I am a certified life coach. Yep, certifiably certified. Or maybe just certifiable, I don’t know. Anyway, I haven’t done a lot with it up to this point. I pulled out the books and all the training materials the other day, just to brush up on it all and I came across this little story in Jesus Life Coach by Laurie Beth Jones. This is what it said:
My friend Joe Mathews shared a poignant story with me recently. His best friend’s wife was diagnosed with terminal cancer and given a short time to live. Joe said he watched in awe as Dan and his wife, Christine, began to live each day with tremendous clarity and love. When it was nearly the end Joe finally got up the courage to ask Christine the question: “What does it feel like to live each day knowing you are dying?” She raised herself up on one arm, and then asked him, “Joe, what does it feel like to live each day pretending that you are not?”

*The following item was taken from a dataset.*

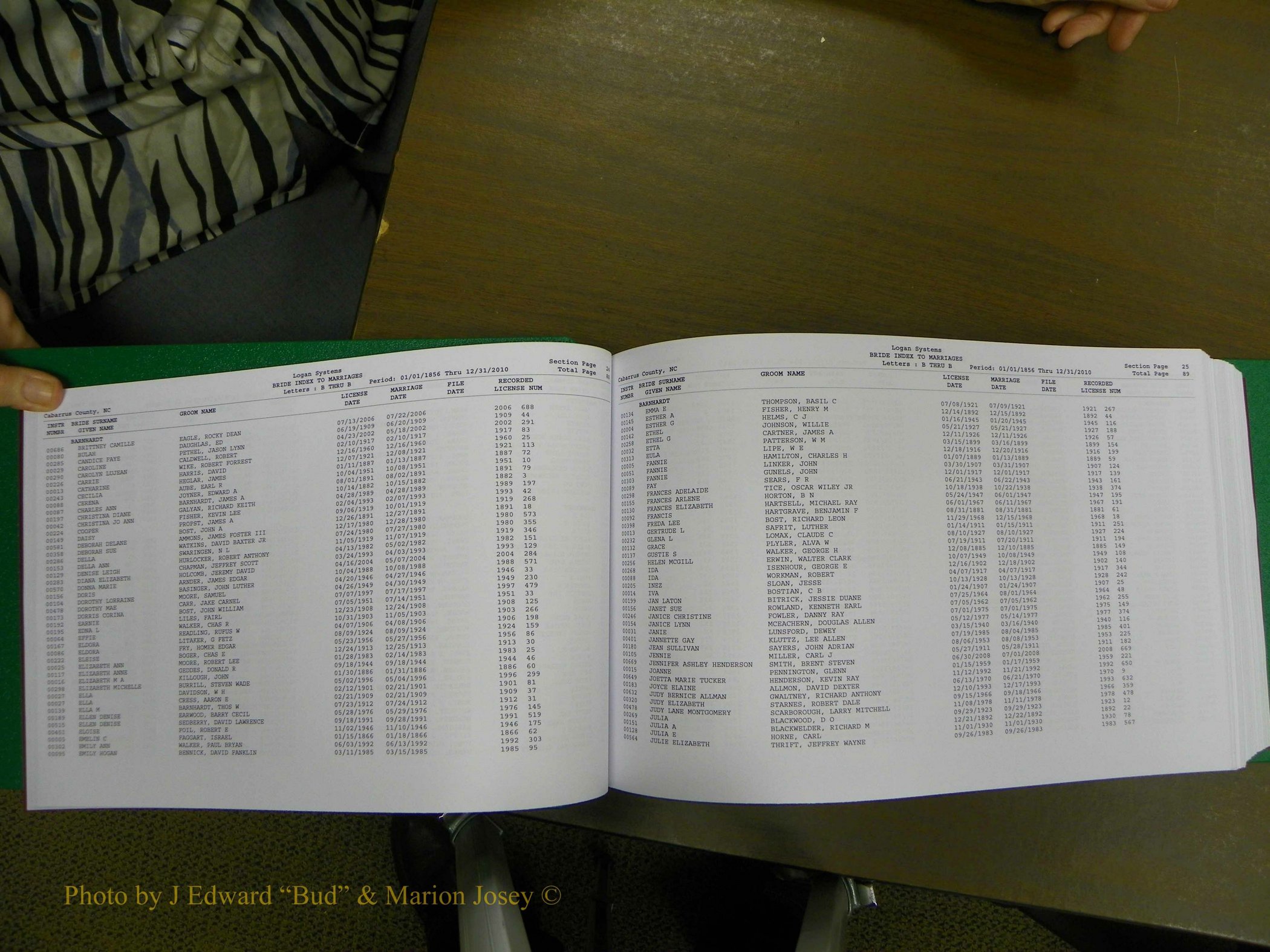 Cabarrus Marriages, Female Index, A-K, 1856-2010 047.JPG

As much as I get what that story is about, and I do, how, I wonder to myself, would that be possible if I have to spend my time doing the things I need to do to ensure that my family is taken care of and prepare for a future I know were are not promised, not to mention the daily chores that keep a family running. Herein lies the catch, I suppose. The age-old delimena of living like there is no tomorrow and planning like we’ll live forever. And I’m not speaking spiritually about living forever.
The best I can come up with is to do what we know to do. To nurture the relationships that we cherish and tend to the things we are committed to care for and do all things with balance and abandoned love for those who matter most.